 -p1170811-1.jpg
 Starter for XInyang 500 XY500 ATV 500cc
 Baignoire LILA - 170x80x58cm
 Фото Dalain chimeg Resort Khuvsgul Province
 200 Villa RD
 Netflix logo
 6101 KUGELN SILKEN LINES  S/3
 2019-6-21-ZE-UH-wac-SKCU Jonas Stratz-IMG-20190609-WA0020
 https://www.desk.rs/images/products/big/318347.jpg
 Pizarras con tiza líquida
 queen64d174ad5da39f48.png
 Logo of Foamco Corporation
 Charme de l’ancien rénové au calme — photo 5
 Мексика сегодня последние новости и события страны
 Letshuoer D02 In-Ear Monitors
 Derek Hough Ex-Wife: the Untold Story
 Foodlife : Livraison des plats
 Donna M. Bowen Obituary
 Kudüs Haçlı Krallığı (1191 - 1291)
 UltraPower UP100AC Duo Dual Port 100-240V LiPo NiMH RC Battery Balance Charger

---

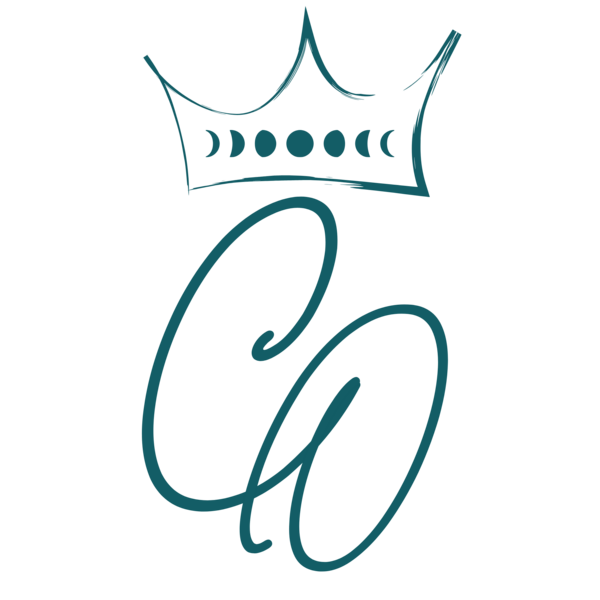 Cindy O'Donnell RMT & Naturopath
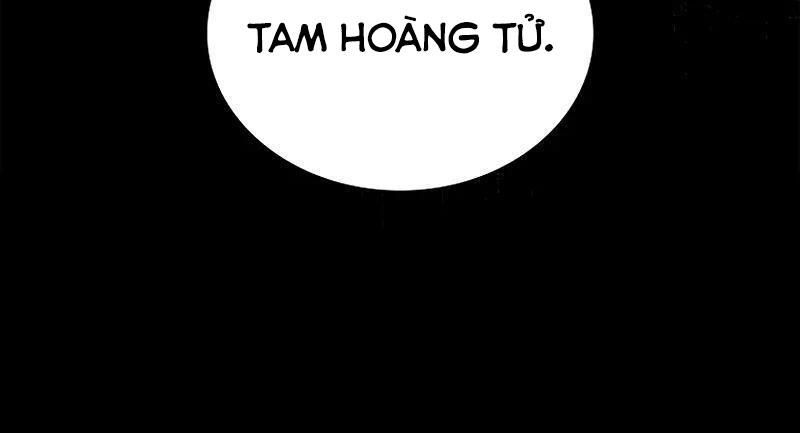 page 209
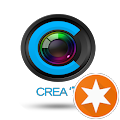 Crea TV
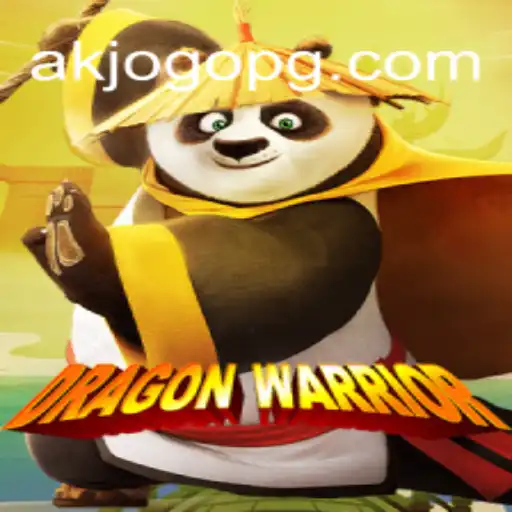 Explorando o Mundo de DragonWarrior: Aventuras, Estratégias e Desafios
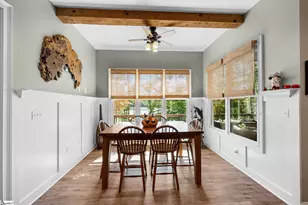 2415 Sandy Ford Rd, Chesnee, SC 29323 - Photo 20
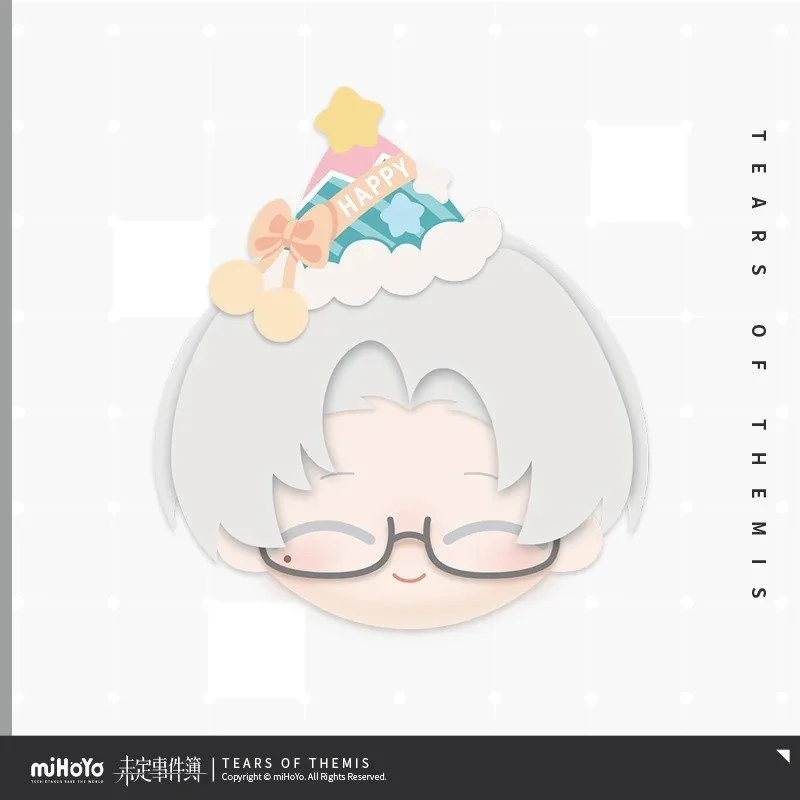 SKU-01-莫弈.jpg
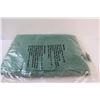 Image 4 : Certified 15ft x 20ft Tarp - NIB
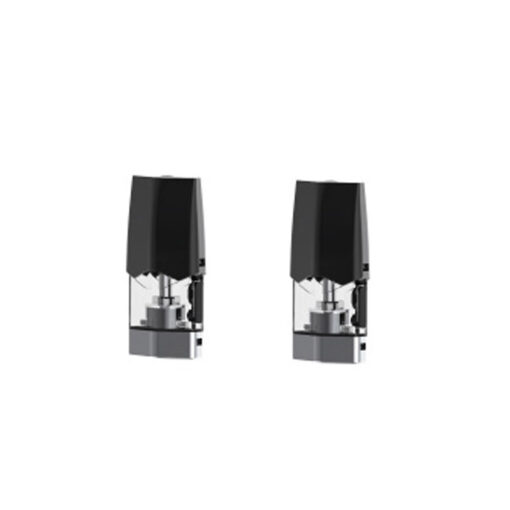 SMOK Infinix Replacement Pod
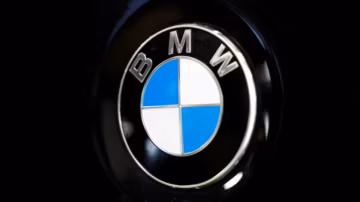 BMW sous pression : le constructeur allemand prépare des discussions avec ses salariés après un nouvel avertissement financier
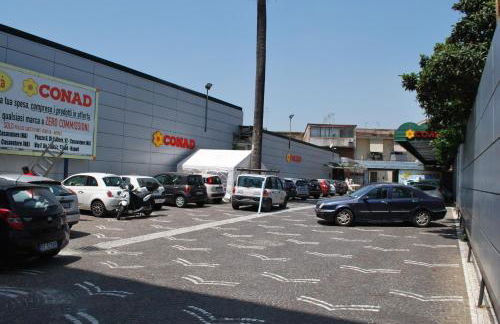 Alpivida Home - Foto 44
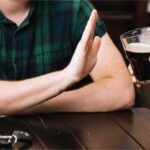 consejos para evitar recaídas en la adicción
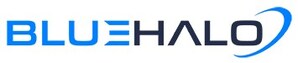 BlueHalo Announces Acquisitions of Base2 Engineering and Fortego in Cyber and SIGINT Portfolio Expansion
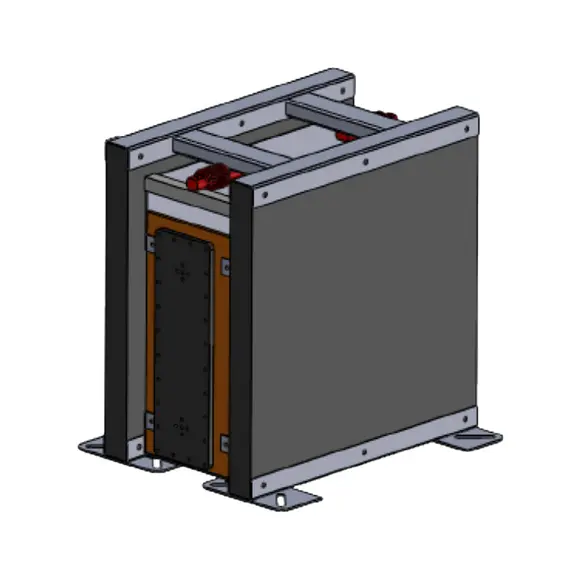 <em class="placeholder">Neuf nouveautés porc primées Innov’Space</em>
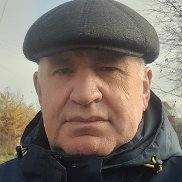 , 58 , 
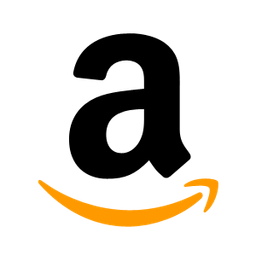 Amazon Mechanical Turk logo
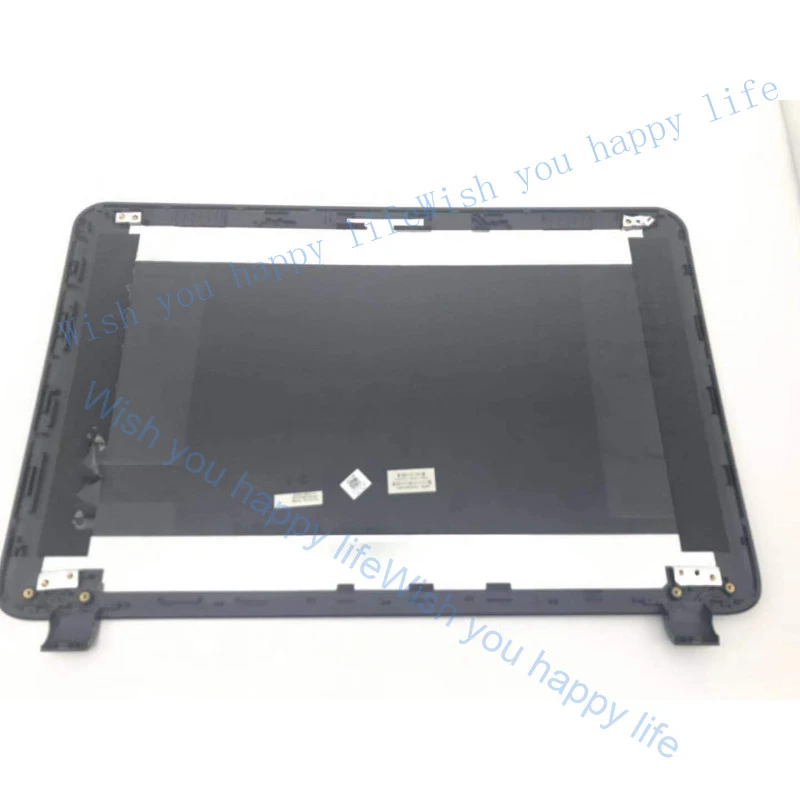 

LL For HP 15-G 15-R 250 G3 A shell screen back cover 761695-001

* [EXERCISE GOAL]:
Within the listing above, the range opens at the line with "Baignoire LILA - 170x80x58cm" and closes at the line with "UltraPower UP100AC Duo". Reproduce exactly the lines of that range, including both ends.

* [REPLY]:
 Baignoire LILA - 170x80x58cm
 Фото Dalain chimeg Resort Khuvsgul Province
 200 Villa RD
 Netflix logo
 6101 KUGELN SILKEN LINES  S/3
 2019-6-21-ZE-UH-wac-SKCU Jonas Stratz-IMG-20190609-WA0020
 https://www.desk.rs/images/products/big/318347.jpg
 Pizarras con tiza líquida
 queen64d174ad5da39f48.png
 Logo of Foamco Corporation
 Charme de l’ancien rénové au calme — photo 5
 Мексика сегодня последние новости и события страны
 Letshuoer D02 In-Ear Monitors
 Derek Hough Ex-Wife: the Untold Story
 Foodlife : Livraison des plats
 Donna M. Bowen Obituary
 Kudüs Haçlı Krallığı (1191 - 1291)
 UltraPower UP100AC Duo Dual Port 100-240V LiPo NiMH RC Battery Balance Charger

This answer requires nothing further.